The eldest of six children, Robert Hemings was born in 1762 into bondage, contradiction and entanglement. His father was the slave owner John Wayles, Thomas Jefferson’s future father-in-law; his mother was a slave, Elizabeth Hemings. Sally Hemings, the enslaved woman with whom Jefferson fathered several children, was Robert Hemings’ sister, and Jefferson’s future wife, Martha Wayles, was his half-sister. Robert Hemings himself would become both Jefferson’s in-law and his property.
The Hemings siblings were brought to Monticello, Jefferson’s home in Virginia, not long after the 1773 death of Wayles. Within the plantation hierarchy, Robert Hemings held a high position and was described once by a friend of Jefferson’s as having “behaved exceeding well.” He was just 12 when Jefferson chose him to replace the 31-year-old Jupiter Evans as his personal attendant. He was dressed more formally than other slaves, was permitted to read and write, travel on his own and to learn a craft, as a barber.
“A valet is privy to the most intimate details of his employer’s, or in this case, his master’s life,” Gordon-Reed wrote in the Pulitzer Prize-winning “The Hemingses of Monticello,” published in 2008. “The position requires extreme trust and discretion. Jefferson, who preferred manipulation (he would say incentive) to outright coercion, would easily have known how to build the trust of his wife’s young brother, particularly since the foundation, a shared father, had already been laid.”
Few details exist of what Hemings did in Philadelphia while Jefferson drafted the Declaration. He likely dressed Jefferson, brought him his meals and spent time in town on errands. He had no bedroom of his own, so he might have slept in the hallway outside Jefferson’s rooms, or in a nearby barn.
“Jefferson didn’t keep a day-to-day, personal diary, so we don’t know a lot about Hemings during that time,” Stanton says.

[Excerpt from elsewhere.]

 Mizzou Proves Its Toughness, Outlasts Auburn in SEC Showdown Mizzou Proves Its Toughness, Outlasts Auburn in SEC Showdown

Jefferson kept Hemings close to him until 1784, when, for reasons undetermined, he decided to leave Hemings back in Virginia while he moved to Paris on a diplomatic mission. Hemings, meanwhile, had met a slave named Dolly from another Virginia plantation, and, wishing to marry her, sought emancipation in 1794. “Bob’s business has been hastened into such a situation as to make it difficult for me to reject it,” Jefferson wrote to his son-in-law, Thomas Mann Rudolph.

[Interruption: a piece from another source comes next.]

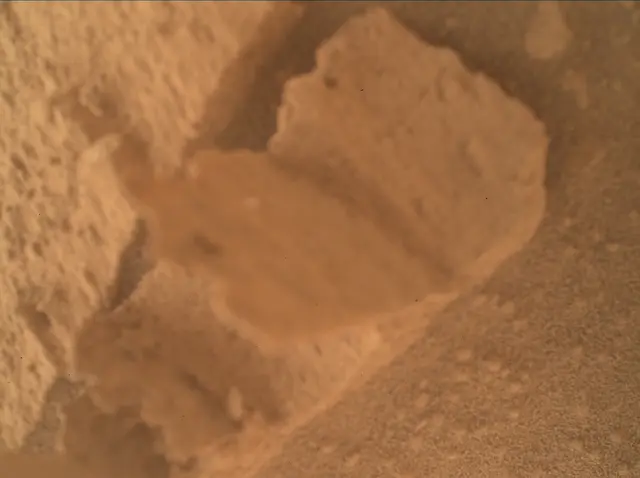 Sol 3800: Mars Hand Lens Imager (MAHLI)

Jefferson is believed to have freed around 10 slaves in his lifetime, Stanton says, and Hemings was the first, although Jefferson’s role was indirect. He allowed a French emigre in Richmond, Dr. George Frederick Stras, to advance him the purchase price for Heming’s freedom, around $200. Hemings, in turn, would work for Stras and pay off the debt. A letter from Jefferson’s daughter, Martha J. Randolph, suggests Hemings knew well that Jefferson was surprised and unhappy that he wished to leave.
“I saw Bob frequently while In Richmond,” Randolph wrote to her father. “He expressed great uneasiness at having quitted you in the manner he did and repeatedly declared that he would never have left you to live with any person but his wife. He appeared to be so much affected at having deserved your anger that I could not refuse my intercession when so warmly solicited towards obtaining your forgiveness. The poor creature seems so deeply impressed with a sense of his ingratitude as to be rendered quite unhappy by it but he could not prevail upon himself to give up his wife and child.”
By 1799, Hemings had apparently won his freedom and his name turns up on Virginia tax rolls. Documents indicate he managed a livery or hauling business, lived with his family on a half-acre lot in Richmond and named Jefferson’s son-in-law the executor of his will, which bequeathed all of his holdings to his wife and children.
He died in 1819, the exact date and cause undetermined.
“Poor old Robert Hemmings is dead,” Martha J. Randolph wrote to her father in August of that year.
There is no record of Thomas Jefferson’s response.